For a time last week, the release of the first prisoners seemed as maddeningly tentative as the Paris talks themselves. Last-minute haggling between Saigon and the Communists delayed the move from day to day. Then at week's end the word was passed through the Pentagon: 115 of the 456 men held in North Viet Nam would be turned over in Hanoi, and 27 of the 120 Americans held in the South would be freed by the Viet Cong at Quan Loi, about 60 miles north of Saigon. As part of the bargain, the South Vietnamese would release 4,000 North Vietnamese and Viet Cong prisoners over a four-day period. In both North and South, the U.S. captives would be loaded aboard medical-evacuation planes for Clark Air Base in the dusty Luzon plain of the Philippines. At Clark as the release approached, the men inside the Joint Homecoming Reception Center Command Post scanned a bank of clocks reading "Hanoi," "Local," "Hawaii," "Washington D.C.," and "Zulu" Greenwich mean time. Officers manned hot lines, and prepared to chart every movement of the prisoners from the instant of their arrival. The exercise was worthy of a major offensive, except that now the object was almost extravagantly peaceful.
The U.S. military's planning for the operation had been meticulous and even loving, in an official way. When the prisoners of war from Korea were released in 1953, they were greeted by an intimidating battery of officers, psychiatrists and reporters; this time the prisoners were to be protected. Each was assigned his own escort, a sort of aide-de-camp, counselor, valet and buddy. Many of the escorts were personal friends of the captives, the others were selected by service, age, rank and background to match their P.O.W.s as closely as possible.

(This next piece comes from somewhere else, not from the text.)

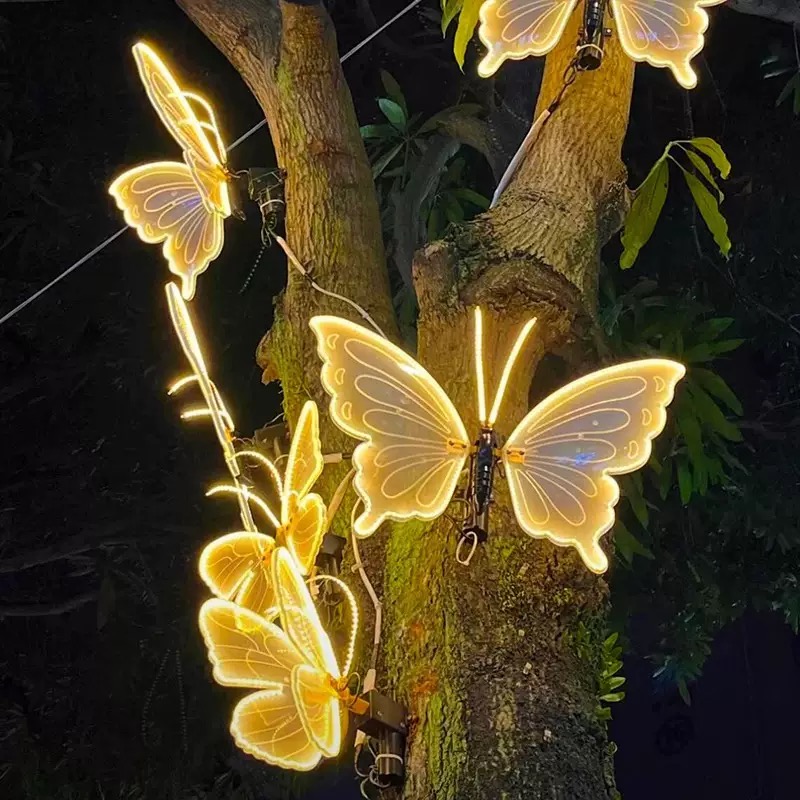 Dynamische vlinderlamp voor buitenboomdecoratie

The 270-bed Air Force hospital at Clark, hitherto devoted primarily to the treatment of Viet Nam War casualties, had been elaborately prepared, though in a carefully understated way. The hospital's corridors were lined with gaily colored Valentine's Day decorations and posters made by schoolchildren at the base: WELCOME HOME, WE LOVE YOU and DO YOU LAUGH INSIDE ALL OVER. The prisoners would be assigned to two-or four-man rooms, unless they require intensive care. The men would be treated as gently and gingerly as possible. The casual treatment had been planned by a battery of experts. Even former Pueblo Commander Lloyd Bucher, a veteran of North Korean jails, was among those waiting at Clark Field.